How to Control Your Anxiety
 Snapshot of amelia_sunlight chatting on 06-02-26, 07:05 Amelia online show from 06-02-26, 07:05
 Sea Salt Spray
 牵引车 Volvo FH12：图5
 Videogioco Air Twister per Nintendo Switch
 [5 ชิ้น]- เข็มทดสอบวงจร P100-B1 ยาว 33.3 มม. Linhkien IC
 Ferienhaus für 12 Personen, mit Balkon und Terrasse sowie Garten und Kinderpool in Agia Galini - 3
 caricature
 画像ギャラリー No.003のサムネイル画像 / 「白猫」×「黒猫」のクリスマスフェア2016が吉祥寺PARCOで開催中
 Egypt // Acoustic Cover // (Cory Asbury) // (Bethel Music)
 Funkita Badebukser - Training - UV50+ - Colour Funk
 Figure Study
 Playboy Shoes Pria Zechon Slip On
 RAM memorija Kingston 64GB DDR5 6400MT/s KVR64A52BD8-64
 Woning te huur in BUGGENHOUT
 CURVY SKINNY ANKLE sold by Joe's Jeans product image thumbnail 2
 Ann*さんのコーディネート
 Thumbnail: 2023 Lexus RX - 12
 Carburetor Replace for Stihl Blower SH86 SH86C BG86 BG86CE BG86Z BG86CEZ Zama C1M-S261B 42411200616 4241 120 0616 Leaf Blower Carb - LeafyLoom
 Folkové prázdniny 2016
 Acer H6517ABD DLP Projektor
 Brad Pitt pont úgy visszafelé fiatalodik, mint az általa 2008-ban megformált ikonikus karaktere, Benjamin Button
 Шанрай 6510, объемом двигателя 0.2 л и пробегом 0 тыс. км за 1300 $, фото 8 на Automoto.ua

_____

:: Assignment ::
Please write out every record shown above exactly as it reads.

:: Solution ::
How to Control Your Anxiety
 Snapshot of amelia_sunlight chatting on 06-02-26, 07:05 Amelia online show from 06-02-26, 07:05
 Sea Salt Spray
 牵引车 Volvo FH12：图5
 Videogioco Air Twister per Nintendo Switch
 [5 ชิ้น]- เข็มทดสอบวงจร P100-B1 ยาว 33.3 มม. Linhkien IC
 Ferienhaus für 12 Personen, mit Balkon und Terrasse sowie Garten und Kinderpool in Agia Galini - 3
 caricature
 画像ギャラリー No.003のサムネイル画像 / 「白猫」×「黒猫」のクリスマスフェア2016が吉祥寺PARCOで開催中
 Egypt // Acoustic Cover // (Cory Asbury) // (Bethel Music)
 Funkita Badebukser - Training - UV50+ - Colour Funk
 Figure Study
 Playboy Shoes Pria Zechon Slip On
 RAM memorija Kingston 64GB DDR5 6400MT/s KVR64A52BD8-64
 Woning te huur in BUGGENHOUT
 CURVY SKINNY ANKLE sold by Joe's Jeans product image thumbnail 2
 Ann*さんのコーディネート
 Thumbnail: 2023 Lexus RX - 12
 Carburetor Replace for Stihl Blower SH86 SH86C BG86 BG86CE BG86Z BG86CEZ Zama C1M-S261B 42411200616 4241 120 0616 Leaf Blower Carb - LeafyLoom
 Folkové prázdniny 2016
 Acer H6517ABD DLP Projektor
 Brad Pitt pont úgy visszafelé fiatalodik, mint az általa 2008-ban megformált ikonikus karaktere, Benjamin Button
 Шанрай 6510, объемом двигателя 0.2 л и пробегом 0 тыс. км за 1300 $, фото 8 на Automoto.ua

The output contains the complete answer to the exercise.